There is a sort of magical portal at the corner of M and 17th Streets NW. Step away from the street traffic and the noise, and the National Geographic Society welcomes you into exhibits designed to spark a greater interest in Earth, from our planet’s animals and ancient cultures, to technology and tropical rain forests. There’s nothing, really, that escapes Nat Geo’s curiosity. And the National Geographic Museum, part of the society’s D.C. headquarters campus, takes the windows into that curiosity – National Geographic magazine and its sister publications, sites and shows – and turns them into a door visitors walk through. Step onto the campus and into the world of National Geographic. You can almost hear the signature notes of Elmer Bernstein’s bah-bah-bah-BAH-bum National Geographic theme song.
”It’s certainly an interesting place to work,” says Rich McWalters, director of museum operations. The 24-year veteran adds that it’s been an interesting place since long before he arrived on the scene.

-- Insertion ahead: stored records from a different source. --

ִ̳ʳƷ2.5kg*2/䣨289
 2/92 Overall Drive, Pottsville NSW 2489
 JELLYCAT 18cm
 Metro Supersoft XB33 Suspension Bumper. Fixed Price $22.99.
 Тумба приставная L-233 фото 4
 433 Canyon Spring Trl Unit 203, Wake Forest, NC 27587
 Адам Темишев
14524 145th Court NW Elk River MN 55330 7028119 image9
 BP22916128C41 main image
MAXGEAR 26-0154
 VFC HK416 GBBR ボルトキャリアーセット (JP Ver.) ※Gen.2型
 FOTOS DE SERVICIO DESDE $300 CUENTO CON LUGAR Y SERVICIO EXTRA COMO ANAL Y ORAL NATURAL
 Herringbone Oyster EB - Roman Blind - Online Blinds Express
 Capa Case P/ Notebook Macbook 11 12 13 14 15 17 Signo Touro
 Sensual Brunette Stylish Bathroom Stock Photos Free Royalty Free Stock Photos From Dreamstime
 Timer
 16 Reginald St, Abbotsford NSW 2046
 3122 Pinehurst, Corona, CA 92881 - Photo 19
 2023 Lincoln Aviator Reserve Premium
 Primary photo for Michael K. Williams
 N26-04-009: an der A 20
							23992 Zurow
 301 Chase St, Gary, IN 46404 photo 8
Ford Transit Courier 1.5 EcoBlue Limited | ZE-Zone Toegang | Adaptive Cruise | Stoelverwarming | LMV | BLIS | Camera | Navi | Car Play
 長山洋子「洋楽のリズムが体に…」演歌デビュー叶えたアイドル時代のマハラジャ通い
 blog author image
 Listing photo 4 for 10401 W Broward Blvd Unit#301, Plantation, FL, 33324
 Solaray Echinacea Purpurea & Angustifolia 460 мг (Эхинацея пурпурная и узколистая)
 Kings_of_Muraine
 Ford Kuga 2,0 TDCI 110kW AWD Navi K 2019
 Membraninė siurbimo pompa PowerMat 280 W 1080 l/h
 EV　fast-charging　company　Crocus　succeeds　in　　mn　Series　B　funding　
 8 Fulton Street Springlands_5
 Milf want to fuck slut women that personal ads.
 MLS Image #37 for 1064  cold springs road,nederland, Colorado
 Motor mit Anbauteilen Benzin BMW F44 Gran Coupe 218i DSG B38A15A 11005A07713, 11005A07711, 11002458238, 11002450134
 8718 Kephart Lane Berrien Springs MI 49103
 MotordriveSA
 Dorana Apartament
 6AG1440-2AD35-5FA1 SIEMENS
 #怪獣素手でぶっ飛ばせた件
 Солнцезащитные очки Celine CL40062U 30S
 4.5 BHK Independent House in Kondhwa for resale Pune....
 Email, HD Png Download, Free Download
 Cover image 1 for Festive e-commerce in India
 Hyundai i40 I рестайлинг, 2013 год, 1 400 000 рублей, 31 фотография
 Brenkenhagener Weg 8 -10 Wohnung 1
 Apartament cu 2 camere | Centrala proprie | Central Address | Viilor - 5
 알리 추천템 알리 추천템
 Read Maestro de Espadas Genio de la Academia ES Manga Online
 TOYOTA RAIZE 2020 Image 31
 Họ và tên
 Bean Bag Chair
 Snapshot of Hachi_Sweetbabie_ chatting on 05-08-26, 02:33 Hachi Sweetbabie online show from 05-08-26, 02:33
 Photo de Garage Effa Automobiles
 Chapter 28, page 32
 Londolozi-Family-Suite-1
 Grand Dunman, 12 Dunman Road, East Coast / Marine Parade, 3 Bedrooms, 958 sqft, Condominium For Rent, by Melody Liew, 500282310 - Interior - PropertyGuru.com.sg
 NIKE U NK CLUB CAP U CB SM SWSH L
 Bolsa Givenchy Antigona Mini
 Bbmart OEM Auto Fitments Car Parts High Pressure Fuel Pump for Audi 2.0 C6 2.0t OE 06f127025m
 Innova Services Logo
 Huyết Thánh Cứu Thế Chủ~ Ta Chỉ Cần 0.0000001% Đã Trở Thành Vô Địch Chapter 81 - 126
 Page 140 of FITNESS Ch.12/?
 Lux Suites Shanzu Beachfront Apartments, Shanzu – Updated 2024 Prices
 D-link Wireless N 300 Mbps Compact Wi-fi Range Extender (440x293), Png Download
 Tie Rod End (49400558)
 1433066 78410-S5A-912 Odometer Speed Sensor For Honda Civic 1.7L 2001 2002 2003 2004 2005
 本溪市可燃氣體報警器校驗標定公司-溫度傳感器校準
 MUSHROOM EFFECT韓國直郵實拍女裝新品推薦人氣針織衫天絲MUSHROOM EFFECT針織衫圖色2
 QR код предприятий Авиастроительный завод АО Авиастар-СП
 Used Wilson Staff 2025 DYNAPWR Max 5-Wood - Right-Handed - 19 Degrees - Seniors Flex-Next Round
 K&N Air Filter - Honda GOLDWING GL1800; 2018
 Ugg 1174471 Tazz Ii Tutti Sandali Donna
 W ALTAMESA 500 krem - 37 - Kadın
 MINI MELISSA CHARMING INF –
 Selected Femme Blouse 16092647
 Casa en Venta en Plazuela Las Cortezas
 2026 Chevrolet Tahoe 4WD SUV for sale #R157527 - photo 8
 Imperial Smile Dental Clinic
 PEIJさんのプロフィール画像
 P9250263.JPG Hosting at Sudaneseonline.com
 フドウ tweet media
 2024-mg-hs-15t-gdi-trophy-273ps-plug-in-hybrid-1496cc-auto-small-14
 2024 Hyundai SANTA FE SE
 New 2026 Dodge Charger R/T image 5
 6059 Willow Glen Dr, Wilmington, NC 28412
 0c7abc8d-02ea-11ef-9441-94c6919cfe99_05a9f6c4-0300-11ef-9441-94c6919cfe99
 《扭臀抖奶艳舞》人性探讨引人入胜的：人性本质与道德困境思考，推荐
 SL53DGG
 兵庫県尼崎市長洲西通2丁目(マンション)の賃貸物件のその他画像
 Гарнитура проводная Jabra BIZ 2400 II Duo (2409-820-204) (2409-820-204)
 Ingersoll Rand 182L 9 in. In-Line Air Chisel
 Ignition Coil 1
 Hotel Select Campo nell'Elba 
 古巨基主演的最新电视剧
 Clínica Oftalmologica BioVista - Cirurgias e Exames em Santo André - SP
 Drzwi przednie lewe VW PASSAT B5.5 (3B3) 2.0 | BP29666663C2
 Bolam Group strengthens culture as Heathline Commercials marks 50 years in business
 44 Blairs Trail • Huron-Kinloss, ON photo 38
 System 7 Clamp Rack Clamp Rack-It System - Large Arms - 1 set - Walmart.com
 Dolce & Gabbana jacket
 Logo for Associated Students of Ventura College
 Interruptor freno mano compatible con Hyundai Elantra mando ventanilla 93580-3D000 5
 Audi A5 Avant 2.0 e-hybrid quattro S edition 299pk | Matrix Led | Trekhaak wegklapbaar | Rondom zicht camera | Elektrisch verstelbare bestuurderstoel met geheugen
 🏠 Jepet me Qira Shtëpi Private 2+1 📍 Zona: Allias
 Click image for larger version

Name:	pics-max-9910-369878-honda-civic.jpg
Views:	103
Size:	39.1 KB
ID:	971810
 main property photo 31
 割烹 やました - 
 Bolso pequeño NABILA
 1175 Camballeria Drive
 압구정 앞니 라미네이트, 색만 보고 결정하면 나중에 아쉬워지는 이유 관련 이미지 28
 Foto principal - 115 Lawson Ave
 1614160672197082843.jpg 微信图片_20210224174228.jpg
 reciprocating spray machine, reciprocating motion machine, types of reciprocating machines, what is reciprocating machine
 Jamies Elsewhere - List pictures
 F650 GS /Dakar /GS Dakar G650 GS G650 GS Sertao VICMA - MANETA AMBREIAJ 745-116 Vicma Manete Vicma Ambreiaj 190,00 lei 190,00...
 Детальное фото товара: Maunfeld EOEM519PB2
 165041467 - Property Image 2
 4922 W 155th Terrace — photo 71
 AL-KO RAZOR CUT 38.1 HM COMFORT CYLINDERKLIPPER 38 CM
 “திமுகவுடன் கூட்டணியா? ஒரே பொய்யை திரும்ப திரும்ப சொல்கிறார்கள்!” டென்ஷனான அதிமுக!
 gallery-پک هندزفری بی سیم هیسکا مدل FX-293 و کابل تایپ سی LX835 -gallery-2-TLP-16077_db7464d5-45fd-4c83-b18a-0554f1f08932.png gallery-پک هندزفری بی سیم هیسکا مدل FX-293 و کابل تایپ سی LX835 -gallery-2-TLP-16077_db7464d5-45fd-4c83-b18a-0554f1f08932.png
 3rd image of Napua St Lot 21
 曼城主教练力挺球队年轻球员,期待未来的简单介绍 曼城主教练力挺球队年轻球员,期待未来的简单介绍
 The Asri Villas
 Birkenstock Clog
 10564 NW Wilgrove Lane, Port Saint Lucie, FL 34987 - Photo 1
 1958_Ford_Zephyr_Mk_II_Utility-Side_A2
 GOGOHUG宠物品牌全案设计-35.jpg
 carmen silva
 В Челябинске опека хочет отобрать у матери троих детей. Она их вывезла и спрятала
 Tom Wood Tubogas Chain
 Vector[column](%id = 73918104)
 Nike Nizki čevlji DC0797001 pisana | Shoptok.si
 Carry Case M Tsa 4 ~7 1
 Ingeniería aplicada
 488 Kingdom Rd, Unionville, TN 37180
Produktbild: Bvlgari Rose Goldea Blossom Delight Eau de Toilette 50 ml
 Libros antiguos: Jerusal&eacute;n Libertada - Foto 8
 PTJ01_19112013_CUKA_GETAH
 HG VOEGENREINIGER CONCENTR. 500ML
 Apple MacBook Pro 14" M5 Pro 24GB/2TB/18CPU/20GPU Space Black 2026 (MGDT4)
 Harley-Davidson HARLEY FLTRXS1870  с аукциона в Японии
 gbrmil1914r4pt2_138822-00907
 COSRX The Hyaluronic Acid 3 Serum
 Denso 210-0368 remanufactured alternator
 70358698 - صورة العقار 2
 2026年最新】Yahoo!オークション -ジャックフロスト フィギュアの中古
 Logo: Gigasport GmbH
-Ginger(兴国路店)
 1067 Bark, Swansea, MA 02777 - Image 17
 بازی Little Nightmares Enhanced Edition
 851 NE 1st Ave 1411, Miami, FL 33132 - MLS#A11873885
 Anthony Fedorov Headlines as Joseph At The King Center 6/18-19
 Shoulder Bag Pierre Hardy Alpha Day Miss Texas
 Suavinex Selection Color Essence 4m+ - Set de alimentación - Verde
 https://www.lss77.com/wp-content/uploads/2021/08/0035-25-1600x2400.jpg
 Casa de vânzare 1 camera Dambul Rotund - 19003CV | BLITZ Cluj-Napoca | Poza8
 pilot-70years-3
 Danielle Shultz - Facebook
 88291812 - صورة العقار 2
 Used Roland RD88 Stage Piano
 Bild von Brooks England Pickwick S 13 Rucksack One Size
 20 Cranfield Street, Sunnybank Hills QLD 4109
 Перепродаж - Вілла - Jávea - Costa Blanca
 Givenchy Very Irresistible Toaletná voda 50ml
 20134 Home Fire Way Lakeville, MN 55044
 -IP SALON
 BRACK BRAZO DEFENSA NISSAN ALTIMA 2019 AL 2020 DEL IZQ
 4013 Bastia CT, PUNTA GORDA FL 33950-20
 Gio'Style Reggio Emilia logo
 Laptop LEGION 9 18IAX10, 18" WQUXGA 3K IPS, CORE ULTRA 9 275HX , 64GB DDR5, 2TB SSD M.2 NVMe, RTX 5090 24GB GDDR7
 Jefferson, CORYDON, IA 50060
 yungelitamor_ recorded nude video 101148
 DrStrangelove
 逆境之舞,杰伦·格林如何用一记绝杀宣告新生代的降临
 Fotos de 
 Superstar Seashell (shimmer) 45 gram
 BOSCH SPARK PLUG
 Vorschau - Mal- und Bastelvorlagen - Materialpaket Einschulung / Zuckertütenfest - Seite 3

National Geographic Museum
(Photo by Todd Franson)
”The museum has been in operation since well back in the early 1930s,” he explains. ”At that point, in the lobby, there was a small exhibition space. One of the earliest things was the lecture program that goes back to that time.”
As the years went by, the National Geographic Society’s headquarters grew from its initial building into a small campus, with landscaping alone that’s inviting enough to pull passersby in from the sidewalk. Meanwhile, window exhibits hug the museum.
”At one point, it was relief maps and artifacts,” McWalters says of the display windows. ”We decided to change that into a photo gallery. We’re known for our photography.”
Walk by the buildings now and take a peek at ”Wicked Weather,” a collection of photographs of floods, fires and other climatic calamities, rendered eerily beautiful at the hands of talented, globetrotting photographers. The exhibit closes Oct. 23.
You’ll have to move a bit more quickly if you want to catch the museum’s primary exhibition, ”Titanic: 100 Year Obsession,” running through Sept. 9. Occupying one of the museum’s two main halls in its 17th Street building, the exhibit presents newspaper articles of the construction and sinking, impressive props from James Cameron’s Titanic, a beautiful scale model of the ship, short films, and interactive displays with iPads and Kinect technology. With Kinect, the museum designed a watery view on the floor of one corner of the gallery. The glowing rectangle offers a glimpse of what the ship looks like on the bottom of the Atlantic Ocean, step closer – step onto the rectangle, actually – and the deep blue sea parts to show portions of the famed vessel in pristine condition.
”We always like to go down after an exhibit opens and see how visitors are interacting – particularly kids, who are much more courageous,” McWalters observes.
The Titanic exhibit will soon be joined by ”1001 Inventions: Discover the Golden Age of Muslim Civilization,” occupying the second of the 17th Street building’s two large galleries. ”Named ‘Best Touring Exhibition of the Year’ at the Museums and Heritage Excellence Awards, ‘1001 Inventions’ uncovers a thousand years of advances in science and technology that have had a huge but hidden impact on the modern world,” National Geographic promises.
”That’s a 6,000-square-foot traveling exhibition,” McWalters explains. ”This was just in L.A. and Istanbul. We’re really interested in this one.